There’s scary, and then there’s SCARY. These costume ideas are based on scripture, and while they may or may not frighten children, they ought to put fear in every adult Christian’s heart.
Here we go: (YOU HAVE BEEN WARNED!)
THE BOAT MISSER
This one’s easy. Just dress like you normally do, but thoroughly douse yourself with water. When people ask, tell them you’re one of the folks who laughed at Noah. Then, tonight, when you can’t sleep, shiver to realize the times you heard a prophet’s warning, thought they were all wet, but it turned out that YOU were.
THE ALIEN, THE WIDOW, AND THE ORPHAN
In the Old Testament, it’s like a refrain. 16 times we are called to care for the alien, the widow, and the orphan. These were the most vulnerable people in society, and that remains quite true today. To dress up like one of these folks, dress like normal, pack a small bag, and shudder to think about life with just about everything you like/love ripped away.
THE RICH YOUNG RULER
All you need for this costume is a robe and a fake bag of money. Who hasn’t heard the story of Jesus telling the bright young man all he needs to do is sell all his possessions and follow him? If you’re like me, you’ve spent countless hours trying to decide just how literal Jesus was being. After all, just like the man in this story, I’ve got a frightening amount of stuff I just can’t seem to let go of.
THE WEIGHT LIFTER
Grab a burlap sack. Stencil the word “SIN” on it in big letters. Add some fake sweat and you’re ready to go! Dressing as someone who hasn’t asked Christ to carry their sins will remind you (and others) just how hard life can be without the miracle of faith. (Here’s a chilling thought: How much are you still carrying around?”)
THE WRONG GUY
Two men went up to the temple to pray. And you’re gonna be dressed as the wrong one. Pick out your nicest, most pretentious outfit, lift your eyes to the good Lord in heaven, and add a little swagger to your prayer. Perfect, you’re a pretentious Christian! As you lord your good standing in heaven over all the other trick-or-treaters, be sure to take a good look in the mirror. BOO! God help you if you recognize yourself!
PONTIUS PILATE
Yep. This last costume actually has a name. Grab a robe, maybe a cape, and a bowl of water and you’re good to go. At every doorbell you can wash your hands of all responsibility for any tricks that might get played. And while you’re at it, take a moment to think of all the times you might have washed your hands instead of standing up for what’s right, stepping out in faith, and doing the hard thing.
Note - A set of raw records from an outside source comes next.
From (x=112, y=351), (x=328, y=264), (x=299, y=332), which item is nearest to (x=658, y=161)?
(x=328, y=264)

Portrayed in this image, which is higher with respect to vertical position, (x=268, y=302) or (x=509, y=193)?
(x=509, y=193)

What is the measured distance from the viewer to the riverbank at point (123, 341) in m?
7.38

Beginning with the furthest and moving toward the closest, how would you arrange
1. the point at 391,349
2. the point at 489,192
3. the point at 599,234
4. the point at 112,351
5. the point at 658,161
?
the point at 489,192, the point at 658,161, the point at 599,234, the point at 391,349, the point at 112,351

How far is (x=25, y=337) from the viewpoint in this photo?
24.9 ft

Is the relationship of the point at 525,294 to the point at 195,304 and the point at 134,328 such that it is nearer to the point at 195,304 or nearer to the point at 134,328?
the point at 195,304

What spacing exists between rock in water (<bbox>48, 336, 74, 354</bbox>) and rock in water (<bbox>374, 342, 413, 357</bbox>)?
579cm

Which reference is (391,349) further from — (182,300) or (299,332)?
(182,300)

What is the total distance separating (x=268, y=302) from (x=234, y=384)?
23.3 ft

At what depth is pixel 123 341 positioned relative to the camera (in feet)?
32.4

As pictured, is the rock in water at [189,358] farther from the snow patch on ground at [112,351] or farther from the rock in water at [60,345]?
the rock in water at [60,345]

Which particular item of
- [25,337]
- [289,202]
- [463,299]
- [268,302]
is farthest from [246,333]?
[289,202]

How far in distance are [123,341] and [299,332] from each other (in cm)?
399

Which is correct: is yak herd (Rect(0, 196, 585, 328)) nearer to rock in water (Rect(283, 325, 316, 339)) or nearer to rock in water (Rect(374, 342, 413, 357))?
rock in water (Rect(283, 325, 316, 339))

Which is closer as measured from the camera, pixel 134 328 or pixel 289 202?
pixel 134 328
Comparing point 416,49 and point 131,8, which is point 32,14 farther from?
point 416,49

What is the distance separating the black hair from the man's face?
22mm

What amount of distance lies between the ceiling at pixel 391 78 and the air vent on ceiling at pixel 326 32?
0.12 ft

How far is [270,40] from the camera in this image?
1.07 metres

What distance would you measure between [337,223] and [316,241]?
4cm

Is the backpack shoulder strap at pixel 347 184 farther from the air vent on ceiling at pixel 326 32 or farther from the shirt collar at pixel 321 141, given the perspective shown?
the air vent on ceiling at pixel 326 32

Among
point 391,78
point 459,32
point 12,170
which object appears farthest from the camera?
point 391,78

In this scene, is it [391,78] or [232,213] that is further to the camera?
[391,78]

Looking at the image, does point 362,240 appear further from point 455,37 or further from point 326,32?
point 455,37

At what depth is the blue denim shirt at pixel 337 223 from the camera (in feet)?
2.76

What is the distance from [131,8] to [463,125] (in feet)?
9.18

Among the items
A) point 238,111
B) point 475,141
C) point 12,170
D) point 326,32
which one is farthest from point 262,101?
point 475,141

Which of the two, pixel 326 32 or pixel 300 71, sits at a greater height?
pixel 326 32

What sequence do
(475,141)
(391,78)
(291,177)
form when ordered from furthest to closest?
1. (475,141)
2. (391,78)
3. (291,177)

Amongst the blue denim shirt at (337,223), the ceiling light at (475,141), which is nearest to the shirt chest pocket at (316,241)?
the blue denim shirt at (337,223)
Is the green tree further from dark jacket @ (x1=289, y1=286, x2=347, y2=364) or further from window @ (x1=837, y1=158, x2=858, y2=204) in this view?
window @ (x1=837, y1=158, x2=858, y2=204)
There you have it! You’re all set to go door to door, filling your plastic bucket with goodies, but with a purpose! No matter which of these costume ideas you pick, you’re guaranteed a chance to do some soul-searching into the murkiest depths of your faith. It’s true, you might be frightened by some of what you experience, but it’s nothing the Holy Trinity can’t redeem.
Hmm. Kind of like a Three Musketeer’s for the soul.